Pero entonces oí que cerraba la ventana y todos mis músculos se relajaron. Segundos más tarde me llegó el ruido de sus pasos, cada vez más lejanos. Miré las piernas y los pies de mi madre.

— ¿Qué precio tuviste que pagar? —pregunté. No me refería a sus pertenencias, sino a la intimidad, que siempre había sido tan importante para ella. Y que había vendido a cambio de la visita diaria de la señora Castle.

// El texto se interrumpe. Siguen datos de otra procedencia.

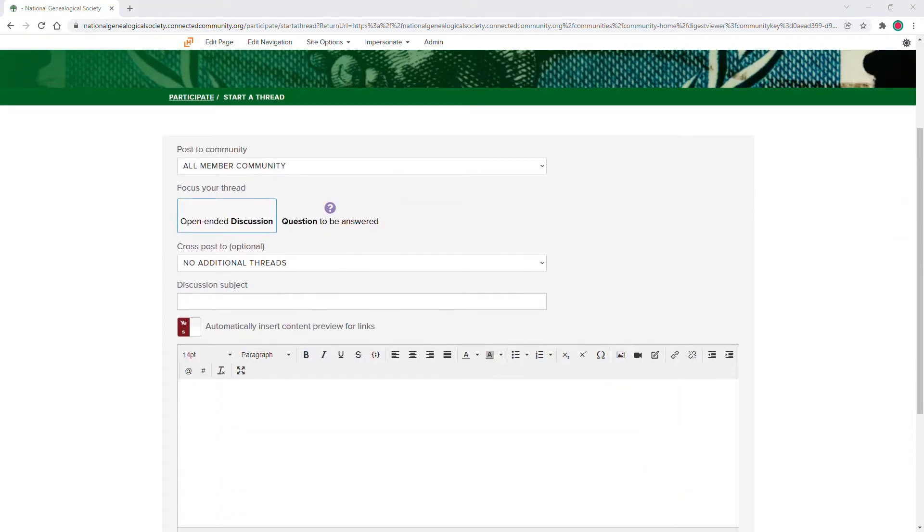Write your discussion's subject. Please do not be vague or too brief. Try to aim for around 10 to 25 words that make it clear what your post is about.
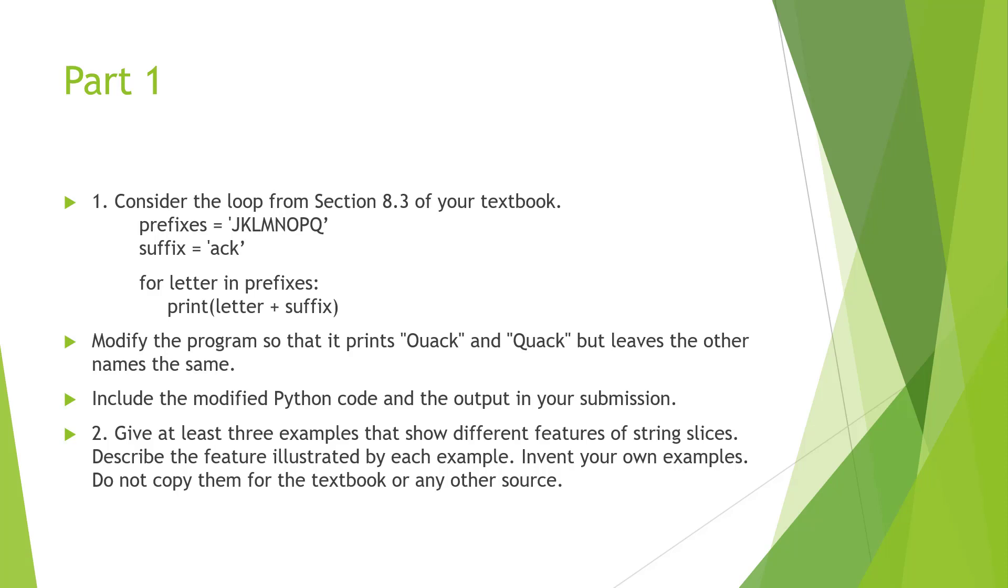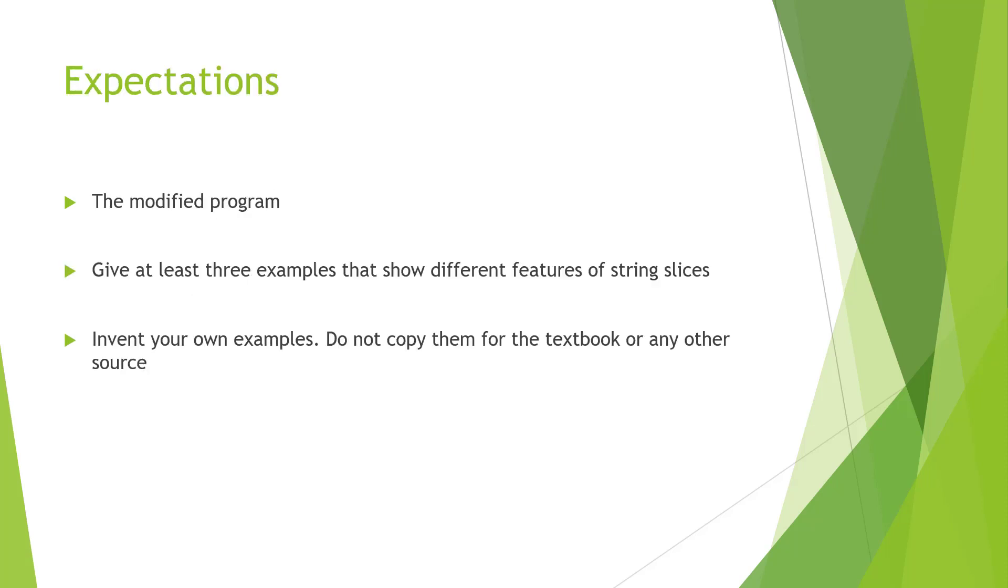You may have to invent your own examples - don't copy from the textbook. So again, expectations: modify the code at the end of that section, provide three examples, and document them.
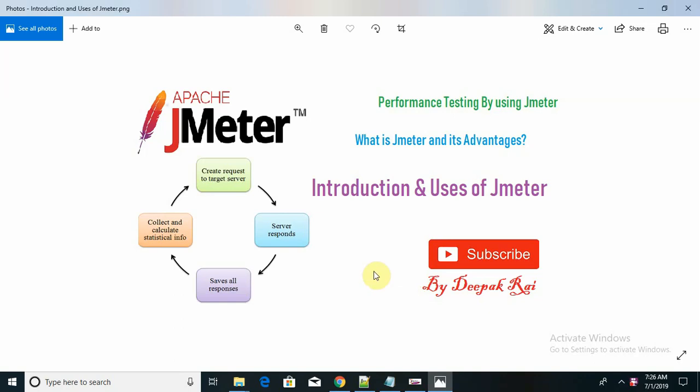Hello everyone, this session is regarding the JMeter tutorial for those who are interested in working in performance testing and load testing environments. JMeter is a very important application to perform performance or load testing on web-based services, web applications, or mobile applications as well.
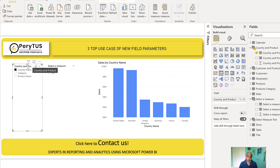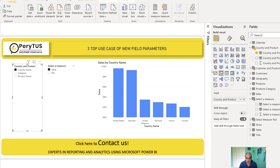Achieving this before would have required calculation groups, matrix visuals with complex DAX, and a lot of workarounds. This field parameter feature is really, really powerful — it removes all that noise of manually creating things with complex DAX. By creating these field parameters, we can simply achieve what was not straightforward previously.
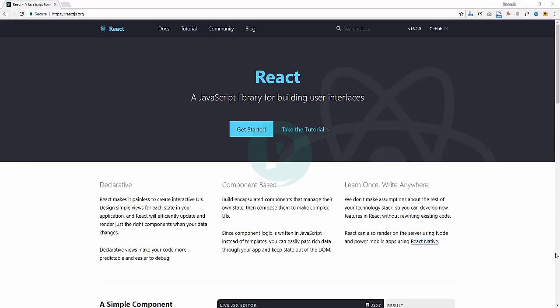Welcome back everybody. We need to talk about React, a JavaScript library for building user interfaces. Later on in this series you'll have a lot of tutorials and videos about React, learning it in more detail and in more depth. But this is just an intro video, so you need to know what React is and why you're going to learn the course.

Sabía que la señora Castle regresaría por la mañana. Lo tenía tan claro como que sus susurros se habían agarrado a mis tobillos como cuerdas.

Era evidente que necesitaba ayuda. Me levanté despacio y pasé por encima de mi madre para llegar al teléfono. Tomé aire y cerré los ojos. Vi, proyectada, una bobina cinematográfica en la que siluetas de vecinos y policías invadían la casa a cámara rápida. Eran tantos que se quedaban atascados en puertas y ventanas con los brazos y las piernas doblados en extrañas posturas, como un grupo de bailarines de Martha Graham, estrujados entre los marcos de las puertas y las ventanas, todos ellos vestidos de uniforme o con trajes de lana bien planchados.

Nunca me ha gustado el teléfono. Diez años atrás, en un absurdo y arrebatado intento por mejorar, coloqué unas pegatinas de caritas sonrientes en el teléfono de mi habitación y en el de la cocina. Después hice dos etiquetas y las pegué en los auriculares. «Es una opción, no una amenaza», se lee en ellas.

La última dirección que tenía de Jake era la de una universidad en Berna, Suiza, donde le habían ofrecido un puesto temporal como profesor, pero de eso hacía por lo menos tres años. La forma más sencilla de encontrar a Jake era contactando con sus antiguos alumnos, sus acólitos, sus empleados, sus fieles. Sabía que podía tardar horas, pero también sabía que Jake era mi única esperanza. Un cadáver cambiaba de aspecto con rapidez, aun en las frías noches de octubre como aquella, y sabía que no podría deshacerme de mi madre sin ayuda.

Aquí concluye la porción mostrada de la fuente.